(INPUT DATA)

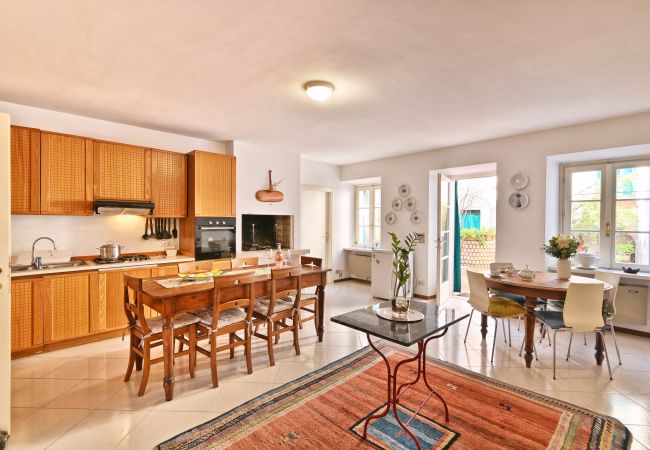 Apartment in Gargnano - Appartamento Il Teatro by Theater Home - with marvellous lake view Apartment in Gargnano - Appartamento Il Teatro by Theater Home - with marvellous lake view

(End INPUT DATA)
(INPUT DATA)

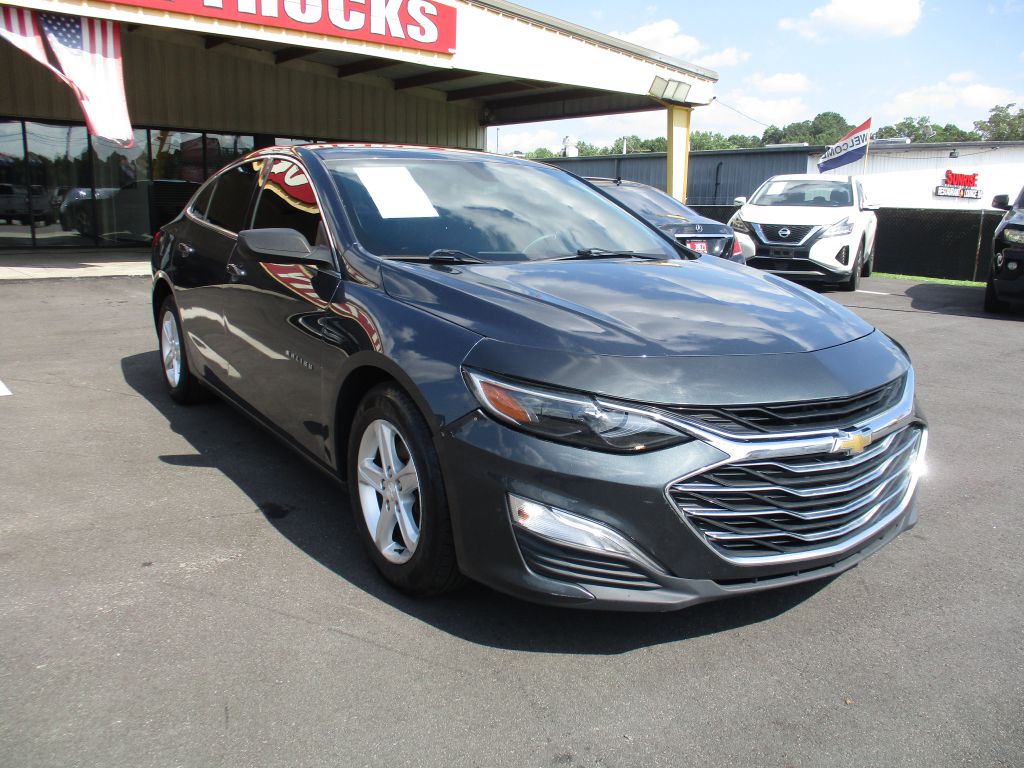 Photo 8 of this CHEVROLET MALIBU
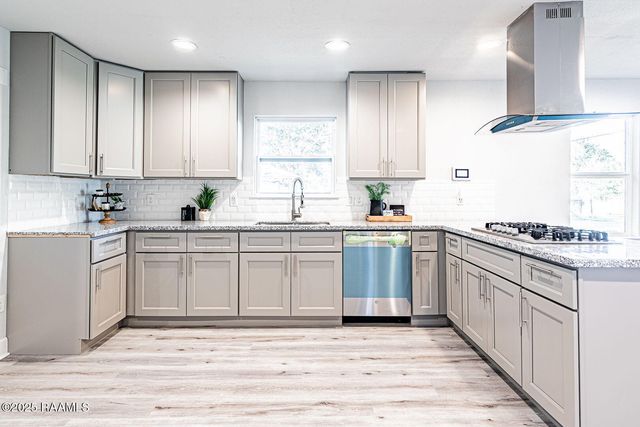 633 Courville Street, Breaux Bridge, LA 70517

(End INPUT DATA)

* ASSIGNMENT: I'd like the lines above repeated exactly, from the one that contains "Photo 8 of this CHEVROLET MALIBU" through the one that contains "633 Courville Street, Breaux", with no pictures.

* SOLUTION FOR THIS PROBLEM:
 Photo 8 of this CHEVROLET MALIBU
 633 Courville Street, Breaux Bridge, LA 70517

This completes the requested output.